Every team operates differently, so it’s important to understand the requirements of a project before applying. Most project descriptions on this website include information about the project timeline and structure. If you need additional information, we encourage you to contact the team leader listed for the project. Some general parameters to consider include:
- Project teams are designed to be intellectually diverse – including students and faculty from different disciplines, students at different stages of their academic studies and external partners
- Project teams range in size, typically involving between four and 12 team members including at least two faculty members
- Projects generally last nine to 12 months, but some projects may last up to 16 months
- Some teams start in the summer, others in the fall
- Some projects may be multi-year, with students rolling off and on
- Teams set their own schedule but generally meet at least once a week
- Participants should expect to spend 10 hours per week on their project
- Team members generally work together to set direction and assign roles and responsibilities
- "Do it!
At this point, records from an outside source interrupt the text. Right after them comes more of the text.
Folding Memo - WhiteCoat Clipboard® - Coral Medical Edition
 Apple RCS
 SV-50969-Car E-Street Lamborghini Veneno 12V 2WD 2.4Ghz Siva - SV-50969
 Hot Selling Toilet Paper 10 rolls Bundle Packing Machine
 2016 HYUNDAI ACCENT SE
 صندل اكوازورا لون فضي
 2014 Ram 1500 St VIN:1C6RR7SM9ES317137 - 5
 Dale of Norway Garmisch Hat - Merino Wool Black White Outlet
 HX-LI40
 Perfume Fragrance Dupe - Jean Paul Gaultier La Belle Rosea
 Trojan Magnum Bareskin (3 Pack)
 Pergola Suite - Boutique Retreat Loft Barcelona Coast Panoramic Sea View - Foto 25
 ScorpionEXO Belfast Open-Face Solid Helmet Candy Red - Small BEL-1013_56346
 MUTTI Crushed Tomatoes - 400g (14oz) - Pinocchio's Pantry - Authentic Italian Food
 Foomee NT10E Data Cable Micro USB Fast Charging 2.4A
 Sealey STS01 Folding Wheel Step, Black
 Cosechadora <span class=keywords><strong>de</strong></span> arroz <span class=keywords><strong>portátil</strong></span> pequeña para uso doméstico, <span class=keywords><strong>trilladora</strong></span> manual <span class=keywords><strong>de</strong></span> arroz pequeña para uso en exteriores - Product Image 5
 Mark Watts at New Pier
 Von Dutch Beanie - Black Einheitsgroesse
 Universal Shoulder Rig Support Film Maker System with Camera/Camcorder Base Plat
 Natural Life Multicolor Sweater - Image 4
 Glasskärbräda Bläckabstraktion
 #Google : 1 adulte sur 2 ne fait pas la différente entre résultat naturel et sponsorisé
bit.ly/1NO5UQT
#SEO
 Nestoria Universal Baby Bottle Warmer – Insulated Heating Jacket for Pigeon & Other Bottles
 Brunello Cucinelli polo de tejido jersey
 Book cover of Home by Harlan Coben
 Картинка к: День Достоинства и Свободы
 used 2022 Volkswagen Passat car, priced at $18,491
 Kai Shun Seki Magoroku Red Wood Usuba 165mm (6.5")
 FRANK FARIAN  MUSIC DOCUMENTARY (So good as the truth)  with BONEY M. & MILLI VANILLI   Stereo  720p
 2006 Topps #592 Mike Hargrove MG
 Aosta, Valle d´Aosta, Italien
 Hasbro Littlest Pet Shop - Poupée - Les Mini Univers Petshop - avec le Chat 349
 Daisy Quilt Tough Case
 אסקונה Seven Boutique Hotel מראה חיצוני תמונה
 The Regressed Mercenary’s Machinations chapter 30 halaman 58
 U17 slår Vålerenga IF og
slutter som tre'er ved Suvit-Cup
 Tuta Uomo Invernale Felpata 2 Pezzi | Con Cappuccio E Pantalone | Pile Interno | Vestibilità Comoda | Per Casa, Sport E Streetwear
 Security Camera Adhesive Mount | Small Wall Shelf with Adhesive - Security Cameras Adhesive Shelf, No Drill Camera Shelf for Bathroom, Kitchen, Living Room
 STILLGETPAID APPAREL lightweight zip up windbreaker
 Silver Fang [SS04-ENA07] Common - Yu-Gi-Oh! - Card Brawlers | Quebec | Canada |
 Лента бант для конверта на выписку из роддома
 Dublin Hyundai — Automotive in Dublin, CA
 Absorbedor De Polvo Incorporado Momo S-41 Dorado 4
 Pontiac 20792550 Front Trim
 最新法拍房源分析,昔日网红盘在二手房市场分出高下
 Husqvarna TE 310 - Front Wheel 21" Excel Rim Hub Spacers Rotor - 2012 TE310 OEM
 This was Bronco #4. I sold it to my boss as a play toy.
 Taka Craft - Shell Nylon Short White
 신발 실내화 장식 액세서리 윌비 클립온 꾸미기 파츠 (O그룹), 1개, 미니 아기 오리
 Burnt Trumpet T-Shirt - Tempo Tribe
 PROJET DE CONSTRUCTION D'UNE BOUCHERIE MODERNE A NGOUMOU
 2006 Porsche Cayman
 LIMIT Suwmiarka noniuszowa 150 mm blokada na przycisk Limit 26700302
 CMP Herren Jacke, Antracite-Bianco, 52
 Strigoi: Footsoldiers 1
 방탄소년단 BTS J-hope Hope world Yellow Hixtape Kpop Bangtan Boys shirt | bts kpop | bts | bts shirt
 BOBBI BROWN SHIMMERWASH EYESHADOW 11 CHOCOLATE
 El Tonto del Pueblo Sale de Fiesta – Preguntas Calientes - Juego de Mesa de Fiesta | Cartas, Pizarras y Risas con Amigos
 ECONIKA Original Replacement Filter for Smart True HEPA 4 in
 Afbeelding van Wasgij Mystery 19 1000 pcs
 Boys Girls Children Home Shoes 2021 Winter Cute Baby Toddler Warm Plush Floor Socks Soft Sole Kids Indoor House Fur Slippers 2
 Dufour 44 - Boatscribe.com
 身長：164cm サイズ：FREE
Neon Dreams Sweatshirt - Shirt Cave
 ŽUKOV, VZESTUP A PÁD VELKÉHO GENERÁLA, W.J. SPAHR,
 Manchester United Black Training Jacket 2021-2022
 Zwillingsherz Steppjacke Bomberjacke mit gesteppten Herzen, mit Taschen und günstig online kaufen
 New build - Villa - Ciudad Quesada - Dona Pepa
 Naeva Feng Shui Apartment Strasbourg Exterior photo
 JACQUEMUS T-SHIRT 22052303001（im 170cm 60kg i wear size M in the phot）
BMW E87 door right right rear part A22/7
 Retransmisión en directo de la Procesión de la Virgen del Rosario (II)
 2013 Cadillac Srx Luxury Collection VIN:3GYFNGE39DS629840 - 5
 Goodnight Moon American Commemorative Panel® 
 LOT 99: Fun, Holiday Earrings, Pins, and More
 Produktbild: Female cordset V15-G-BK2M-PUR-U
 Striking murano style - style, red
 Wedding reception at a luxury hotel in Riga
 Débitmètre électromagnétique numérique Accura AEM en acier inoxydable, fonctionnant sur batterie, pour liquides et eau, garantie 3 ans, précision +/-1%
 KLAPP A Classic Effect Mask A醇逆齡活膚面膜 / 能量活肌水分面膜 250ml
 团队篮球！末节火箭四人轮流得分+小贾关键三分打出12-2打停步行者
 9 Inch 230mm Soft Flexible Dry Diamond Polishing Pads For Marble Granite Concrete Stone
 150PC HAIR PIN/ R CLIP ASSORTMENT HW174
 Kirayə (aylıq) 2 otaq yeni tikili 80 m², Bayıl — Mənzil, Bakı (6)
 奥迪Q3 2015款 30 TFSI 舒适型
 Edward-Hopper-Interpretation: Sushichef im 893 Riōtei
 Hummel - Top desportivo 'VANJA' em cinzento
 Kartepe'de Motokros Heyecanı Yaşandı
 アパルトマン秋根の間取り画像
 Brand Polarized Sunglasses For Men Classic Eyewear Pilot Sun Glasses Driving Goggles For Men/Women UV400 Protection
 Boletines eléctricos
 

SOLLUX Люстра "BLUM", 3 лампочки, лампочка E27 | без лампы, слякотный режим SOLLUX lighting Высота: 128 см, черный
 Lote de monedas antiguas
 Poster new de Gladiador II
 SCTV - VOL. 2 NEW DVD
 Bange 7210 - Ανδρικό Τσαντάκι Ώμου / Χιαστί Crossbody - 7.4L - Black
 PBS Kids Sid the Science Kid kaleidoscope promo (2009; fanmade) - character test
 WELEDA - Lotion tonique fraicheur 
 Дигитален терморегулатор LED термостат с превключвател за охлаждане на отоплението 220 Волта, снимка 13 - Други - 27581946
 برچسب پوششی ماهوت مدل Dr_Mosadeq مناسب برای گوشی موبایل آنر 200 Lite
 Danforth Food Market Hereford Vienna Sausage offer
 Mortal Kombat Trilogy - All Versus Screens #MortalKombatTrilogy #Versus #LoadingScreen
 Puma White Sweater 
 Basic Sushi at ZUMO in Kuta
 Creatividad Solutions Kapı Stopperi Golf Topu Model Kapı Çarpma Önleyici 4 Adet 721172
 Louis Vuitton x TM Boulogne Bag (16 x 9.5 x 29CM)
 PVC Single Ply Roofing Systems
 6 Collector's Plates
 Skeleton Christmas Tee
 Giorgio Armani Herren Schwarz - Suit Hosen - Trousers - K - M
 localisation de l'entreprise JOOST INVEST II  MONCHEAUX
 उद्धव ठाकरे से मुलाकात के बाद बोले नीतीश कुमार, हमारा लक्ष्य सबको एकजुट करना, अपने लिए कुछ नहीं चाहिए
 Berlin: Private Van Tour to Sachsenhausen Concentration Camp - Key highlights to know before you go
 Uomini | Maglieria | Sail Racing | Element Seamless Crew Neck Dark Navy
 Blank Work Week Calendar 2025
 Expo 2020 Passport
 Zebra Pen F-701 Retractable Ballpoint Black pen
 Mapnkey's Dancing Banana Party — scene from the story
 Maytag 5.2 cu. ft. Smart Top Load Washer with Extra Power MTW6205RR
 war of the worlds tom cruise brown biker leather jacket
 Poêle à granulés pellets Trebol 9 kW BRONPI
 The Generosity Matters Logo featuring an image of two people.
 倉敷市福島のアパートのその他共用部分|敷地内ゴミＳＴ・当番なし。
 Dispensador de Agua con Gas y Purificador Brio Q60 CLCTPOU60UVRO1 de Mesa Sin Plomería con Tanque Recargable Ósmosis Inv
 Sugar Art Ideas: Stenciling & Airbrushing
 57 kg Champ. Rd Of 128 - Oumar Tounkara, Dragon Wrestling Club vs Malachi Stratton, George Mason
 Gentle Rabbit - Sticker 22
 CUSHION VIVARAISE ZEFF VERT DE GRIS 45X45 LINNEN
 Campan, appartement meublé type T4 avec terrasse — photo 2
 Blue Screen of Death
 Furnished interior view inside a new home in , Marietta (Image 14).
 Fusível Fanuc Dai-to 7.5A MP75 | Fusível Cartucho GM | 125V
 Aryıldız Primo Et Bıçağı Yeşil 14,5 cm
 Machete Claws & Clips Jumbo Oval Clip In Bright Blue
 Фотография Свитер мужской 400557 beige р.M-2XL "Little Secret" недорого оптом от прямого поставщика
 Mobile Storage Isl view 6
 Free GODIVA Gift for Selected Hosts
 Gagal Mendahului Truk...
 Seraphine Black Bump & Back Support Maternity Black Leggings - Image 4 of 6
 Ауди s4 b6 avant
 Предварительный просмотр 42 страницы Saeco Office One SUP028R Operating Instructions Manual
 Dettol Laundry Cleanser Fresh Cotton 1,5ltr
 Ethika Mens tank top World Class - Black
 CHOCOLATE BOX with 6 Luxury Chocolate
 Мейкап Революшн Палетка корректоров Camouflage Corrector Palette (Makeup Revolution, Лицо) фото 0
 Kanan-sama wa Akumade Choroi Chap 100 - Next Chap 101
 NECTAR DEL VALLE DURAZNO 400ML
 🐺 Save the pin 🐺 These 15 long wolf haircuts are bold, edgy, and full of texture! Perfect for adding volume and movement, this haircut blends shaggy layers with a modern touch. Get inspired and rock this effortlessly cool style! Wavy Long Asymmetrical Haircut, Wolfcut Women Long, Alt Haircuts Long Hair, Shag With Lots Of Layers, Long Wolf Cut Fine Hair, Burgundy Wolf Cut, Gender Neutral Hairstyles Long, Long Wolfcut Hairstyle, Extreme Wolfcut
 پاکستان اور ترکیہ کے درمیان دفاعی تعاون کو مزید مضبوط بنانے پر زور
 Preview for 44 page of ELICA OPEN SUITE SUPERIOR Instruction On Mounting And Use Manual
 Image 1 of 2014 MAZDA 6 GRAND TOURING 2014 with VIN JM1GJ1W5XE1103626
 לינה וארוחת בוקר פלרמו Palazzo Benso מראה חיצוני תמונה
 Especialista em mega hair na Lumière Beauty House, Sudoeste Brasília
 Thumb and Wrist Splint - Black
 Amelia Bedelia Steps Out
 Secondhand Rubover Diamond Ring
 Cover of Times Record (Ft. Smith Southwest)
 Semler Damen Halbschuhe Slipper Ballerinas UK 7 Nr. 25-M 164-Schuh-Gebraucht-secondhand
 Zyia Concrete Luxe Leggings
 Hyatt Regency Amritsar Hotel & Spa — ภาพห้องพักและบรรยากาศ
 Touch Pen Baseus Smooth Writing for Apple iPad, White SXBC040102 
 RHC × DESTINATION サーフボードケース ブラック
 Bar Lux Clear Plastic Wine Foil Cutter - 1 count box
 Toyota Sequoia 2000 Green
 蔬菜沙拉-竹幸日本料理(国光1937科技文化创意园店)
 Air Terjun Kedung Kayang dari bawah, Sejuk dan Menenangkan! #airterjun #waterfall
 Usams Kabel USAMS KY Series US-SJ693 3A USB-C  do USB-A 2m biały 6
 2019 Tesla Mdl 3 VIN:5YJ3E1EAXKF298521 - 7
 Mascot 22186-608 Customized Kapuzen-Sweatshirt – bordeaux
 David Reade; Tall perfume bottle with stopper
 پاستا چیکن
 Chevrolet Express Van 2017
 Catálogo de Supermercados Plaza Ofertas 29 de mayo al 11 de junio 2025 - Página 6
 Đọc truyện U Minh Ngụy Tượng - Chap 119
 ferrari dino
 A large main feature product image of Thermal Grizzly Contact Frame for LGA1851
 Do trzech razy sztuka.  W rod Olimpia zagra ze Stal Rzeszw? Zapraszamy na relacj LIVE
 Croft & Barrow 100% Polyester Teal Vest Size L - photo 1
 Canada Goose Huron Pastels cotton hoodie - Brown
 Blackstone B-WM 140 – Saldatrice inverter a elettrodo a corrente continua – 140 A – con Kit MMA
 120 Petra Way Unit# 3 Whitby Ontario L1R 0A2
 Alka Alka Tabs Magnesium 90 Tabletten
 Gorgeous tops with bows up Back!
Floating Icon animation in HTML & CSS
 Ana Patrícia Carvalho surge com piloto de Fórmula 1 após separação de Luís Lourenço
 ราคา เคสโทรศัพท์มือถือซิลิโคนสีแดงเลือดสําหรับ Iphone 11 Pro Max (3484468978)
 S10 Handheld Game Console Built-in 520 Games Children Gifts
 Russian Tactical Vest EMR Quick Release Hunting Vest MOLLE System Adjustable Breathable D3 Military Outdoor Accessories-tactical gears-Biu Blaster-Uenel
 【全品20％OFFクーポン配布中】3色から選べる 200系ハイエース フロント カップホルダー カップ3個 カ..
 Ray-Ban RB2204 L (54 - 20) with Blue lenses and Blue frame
One of my favorite experiences so far at Duke."
- "Definitely pick a topic you are interested in, but do not build up too rigid expectations of the work you will be doing in contribution to the project."
- "Be open to new ideas and new ways of thinking."
- "Choose a project carefully to ensure you will give it your all and stay interested throughout."
- "Apply to projects that interest you rather than ones that align with your career interests. You never know where your experiences will take you."